__What is expected__.
Excluding pictures, retype exactly the lines from the one with "Nation background banner" through the end of the records that follow.
-*-
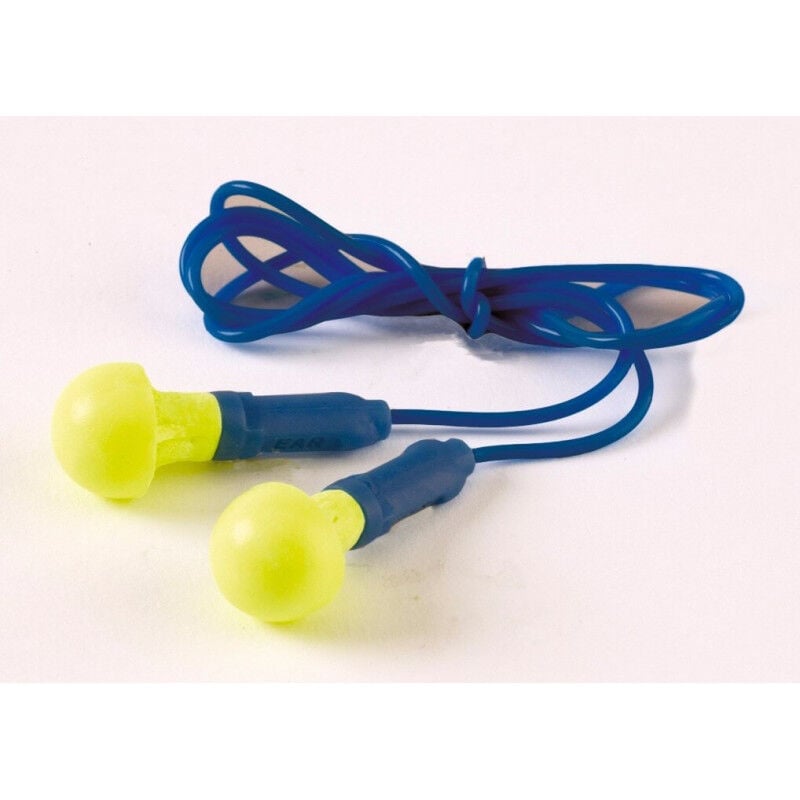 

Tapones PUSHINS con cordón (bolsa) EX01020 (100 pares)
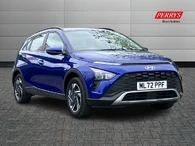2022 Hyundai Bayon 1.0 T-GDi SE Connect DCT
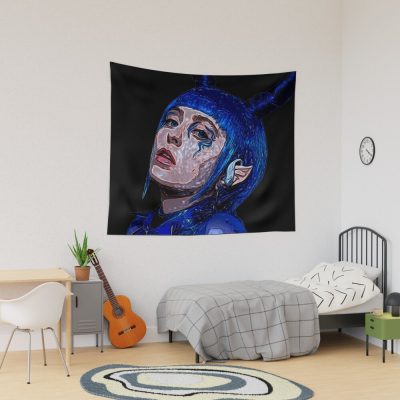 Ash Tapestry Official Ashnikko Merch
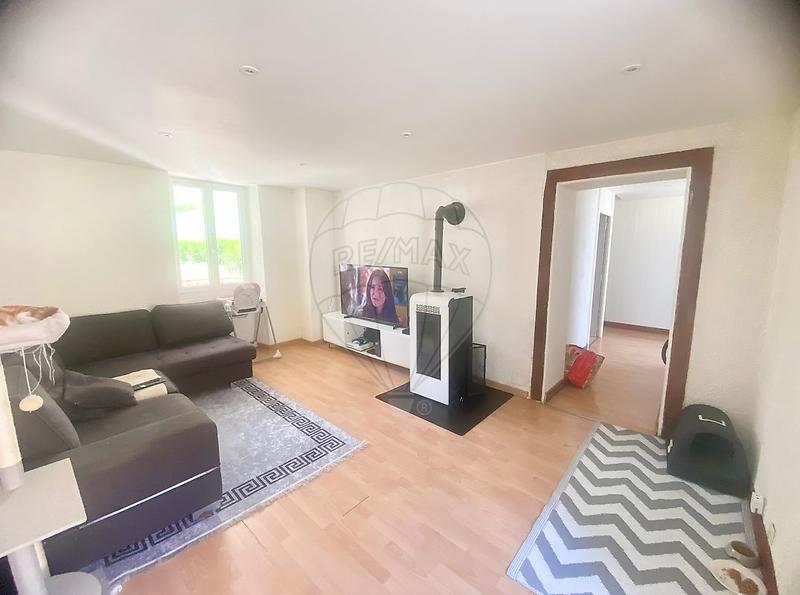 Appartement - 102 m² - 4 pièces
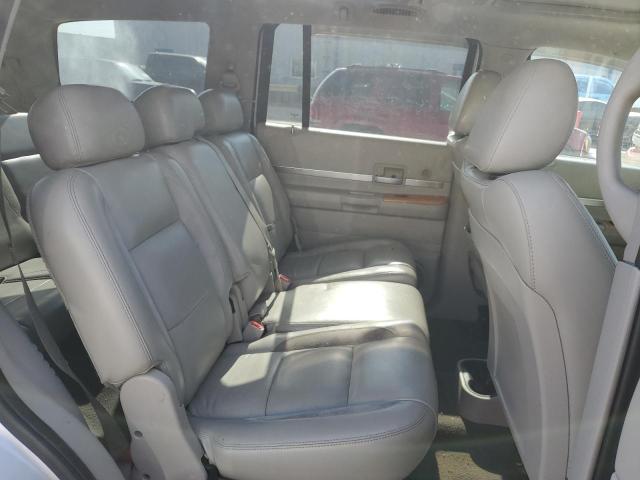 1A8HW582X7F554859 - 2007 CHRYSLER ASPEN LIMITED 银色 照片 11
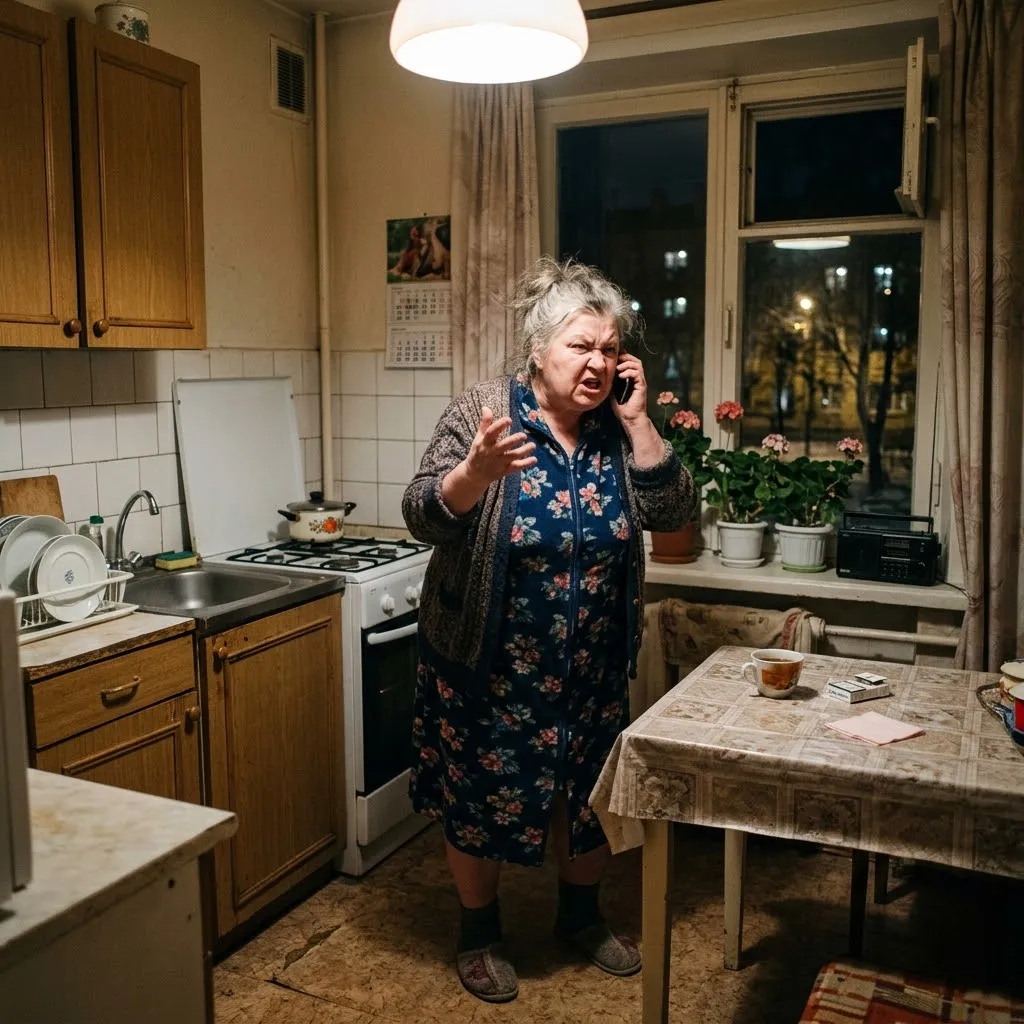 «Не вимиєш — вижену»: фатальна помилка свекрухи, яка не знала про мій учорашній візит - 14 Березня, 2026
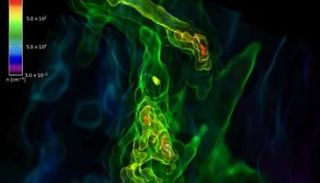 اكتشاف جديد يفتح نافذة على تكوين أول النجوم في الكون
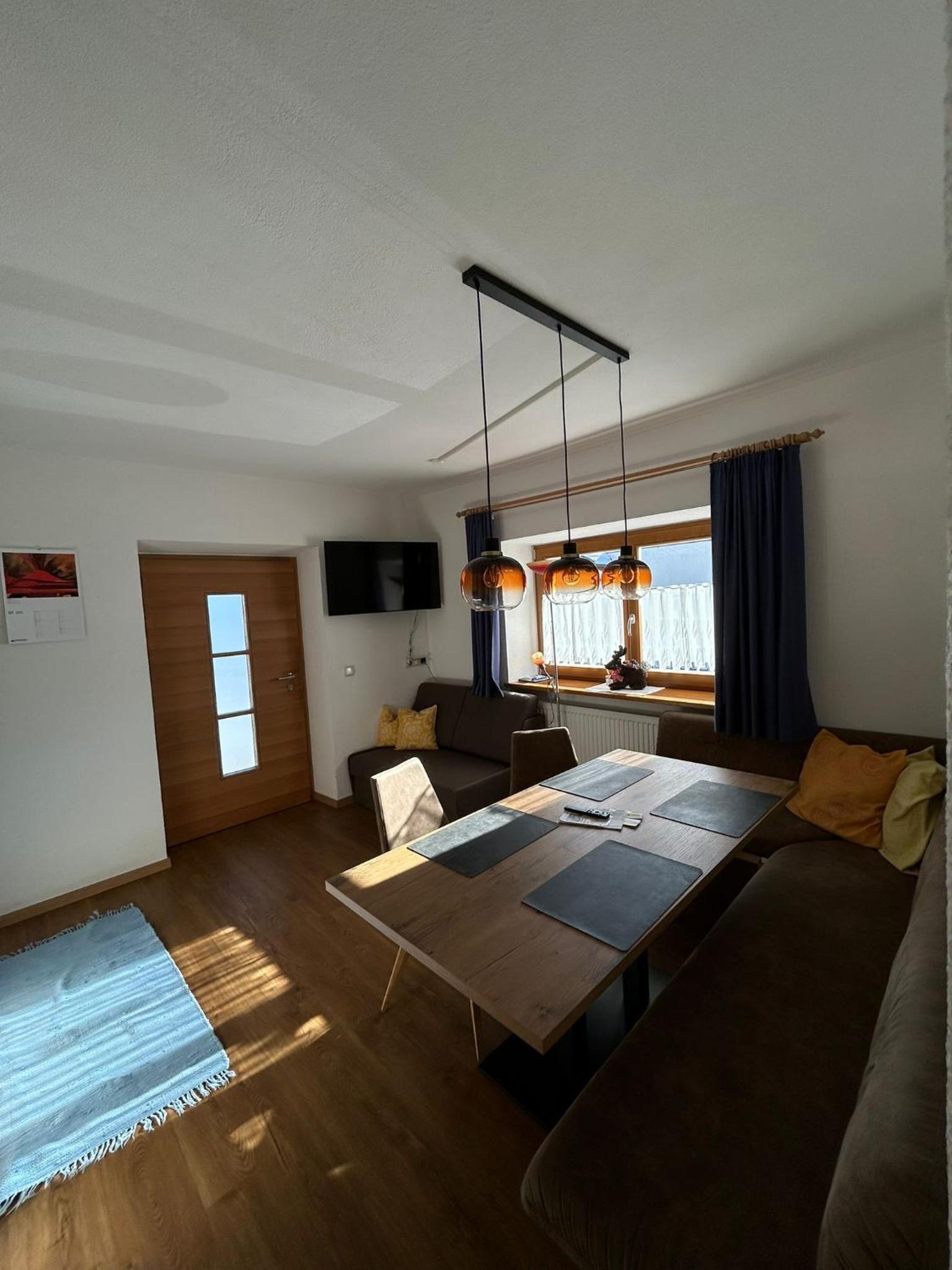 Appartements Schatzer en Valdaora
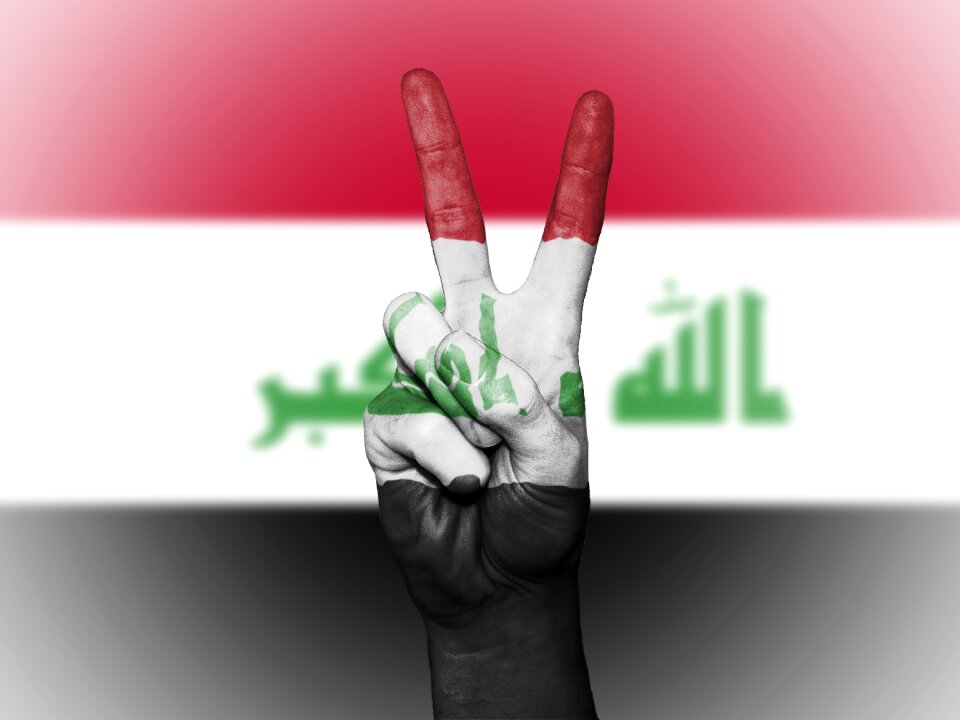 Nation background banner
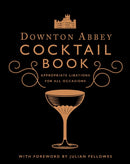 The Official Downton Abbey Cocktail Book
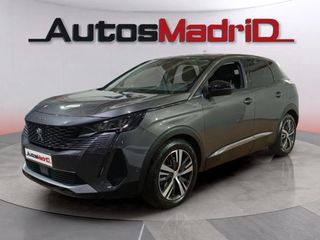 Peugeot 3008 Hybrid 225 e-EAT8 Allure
-*-
__Answer box__.
 Nation background banner
 The Official Downton Abbey Cocktail Book
 Peugeot 3008 Hybrid 225 e-EAT8 Allure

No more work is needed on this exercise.